# New lights



## Fiafighterdude (Jan 2, 2008)

Just bought the Star SVP Mini Phantom MAX and the Able 2 / SHO-ME 360° LED Beacon both amber

just wantedto see what everyone thought of them ?


----------



## dmontgomery (Oct 3, 2003)

I would be interesting in a video of the beacon if possible.....


----------



## Fiafighterdude (Jan 2, 2008)

dmontgomery;680272 said:


> I would be interesting in a video of the beacon if possible.....

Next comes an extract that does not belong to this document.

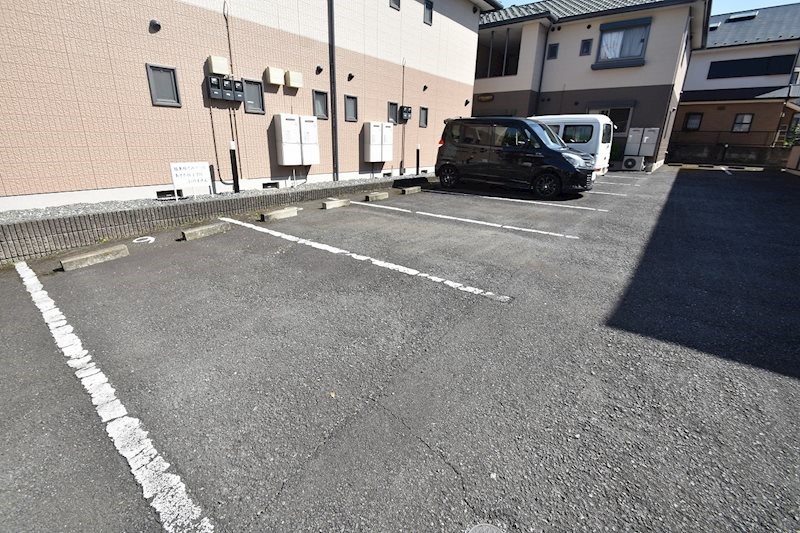 エクセルみねきＣ 駐車場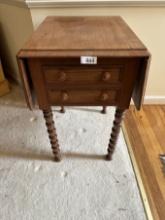 Vintage Drop Leaf Spiral Leg End Table (Cherry Wood?)(Local Pick Up Only)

i just ordered it so as soon as it they get here i will post videos of both for every one


----------



## jt5019 (Aug 28, 2003)

Im interested in that same led beacon ... I couldnt find anyone that uses it and wanted to hear some opinions first. I have the code 3 quad flash led beacon with the clear lens its bright at night but im not impressed with it during the daytime.


----------



## dmontgomery (Oct 3, 2003)

I have to say the sirennet.com vid of it is not that great outside.....


----------



## Pirsch (Jun 1, 2007)

Hey Fiafighterdude... I thought you were a Whelen Man... Guess you'll have to change up your signiture line huh?


----------



## ColliganLands (Sep 4, 2008)

the mini-phantom is an awesome light for the price. extremely bright and minimal flashback
i have one in my jeep and its awesome


----------



## Fiafighterdude (Jan 2, 2008)

Pirsch;680376 said:


> Hey Fiafighterdude... I thought you were a Whelen Man... Guess you'll have to change up your signiture line huh?

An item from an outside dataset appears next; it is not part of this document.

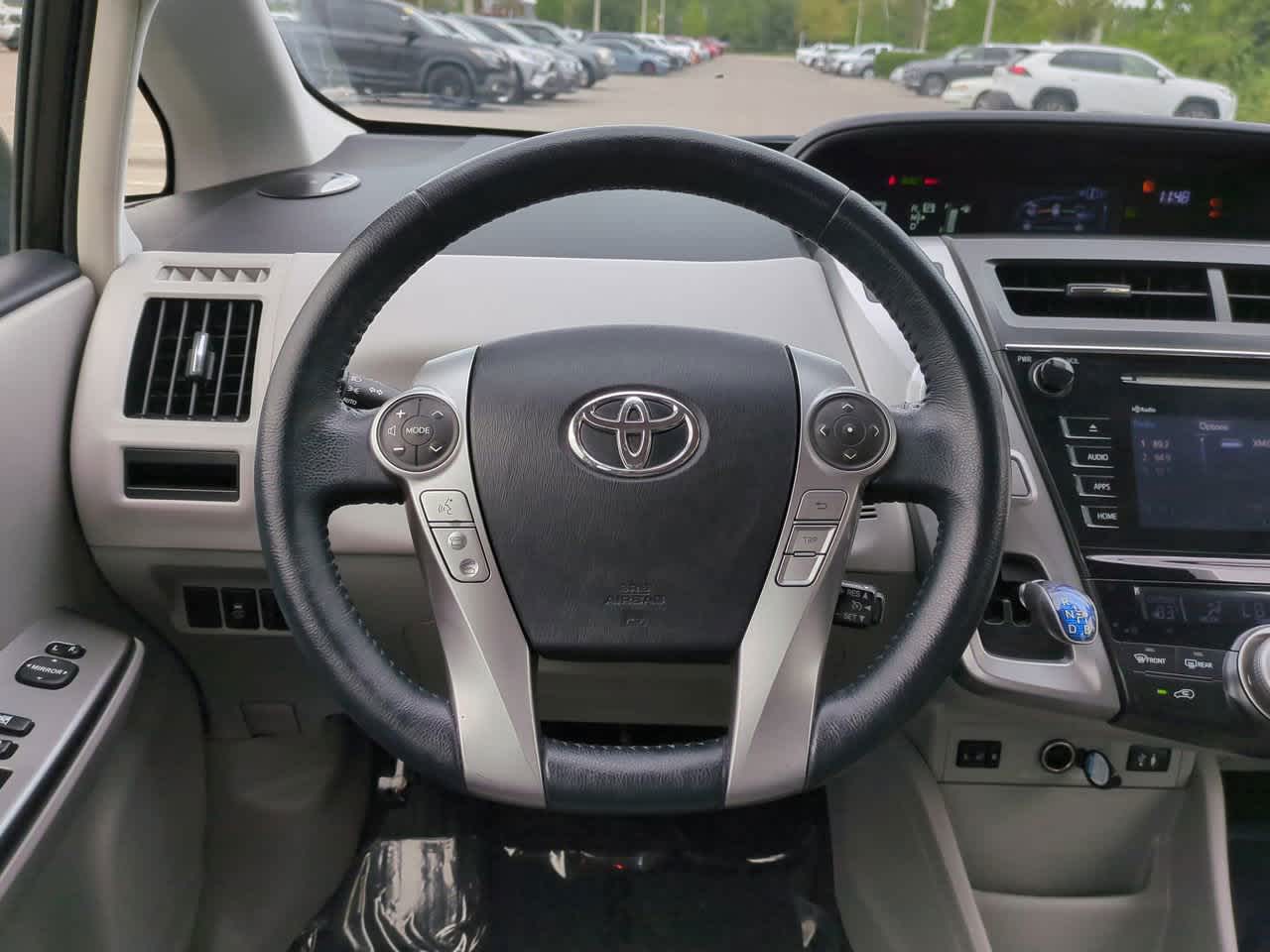 Thumbnail: 2015 Toyota Prius v - 15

i just bought them as demos i had a few people wanting to know what they looked like in person before they bought them i wont use them on my truck thats all WHELEN LIGHTS lol


----------



## Fiafighterdude (Jan 2, 2008)

im gonna buy a buch of whelen lights to have as demos to as soon as i get $2000


----------



## Fiafighterdude (Jan 2, 2008)

Pirsch;680376 said:


> Hey Fiafighterdude... I thought you were a Whelen Man... Guess you'll have to change up your signiture line huh?


 and dont be hating beacuse i dont have the grinch as my sig


----------



## groundbreakers (Jan 16, 2004)

Fiafighterdude;680270 said:


> Just bought the Star SVP Mini Phantom MAX and the Able 2 / SHO-ME 360° LED Beacon both amber
> 
> just wantedto see what everyone thought of them ?


the able 2 led beacon is not a bad light for $100 bucks .. i have one ....


----------



## Fiafighterdude (Jan 2, 2008)

groundbreakers;681034 said:


> the able 2 led beacon is not a bad light for $100 bucks .. I have one ....


video man video


----------



## Pirsch (Jun 1, 2007)

Fiafighterdude;680942 said:


> and dont be hating beacuse i dont have the grinch as my sig


Wait till you see what I have planed for the upcoming holidays...You'll love it!


----------



## mikelawtown (Dec 5, 2004)

The mini phantom is great but only at night, i have the whelen slim meiser which is just about identical..bright at night, i have mine on the lower dash.


----------



## murphyslaw (Oct 2, 2005)

I have three mini phantom's and they have good coverage even in the day to me.they were the primary on one of my vehicles while my primary rig was in the shop. moved traffic just fine. I know use then as secondary and lower priority lighting.


----------



## Fiafighterdude (Jan 2, 2008)

Video of the led beacon tonight fo every one


----------



## Fiafighterdude (Jan 2, 2008)




----------



## Ford445 (May 26, 2006)

I like the concept of the LED beacons, but I have yet to see one in person that really has the reach out and slap you kind of effect. I think they are too directional maybe? Maybe they need to design one that has the diodes point in all kinds of angles and directions. 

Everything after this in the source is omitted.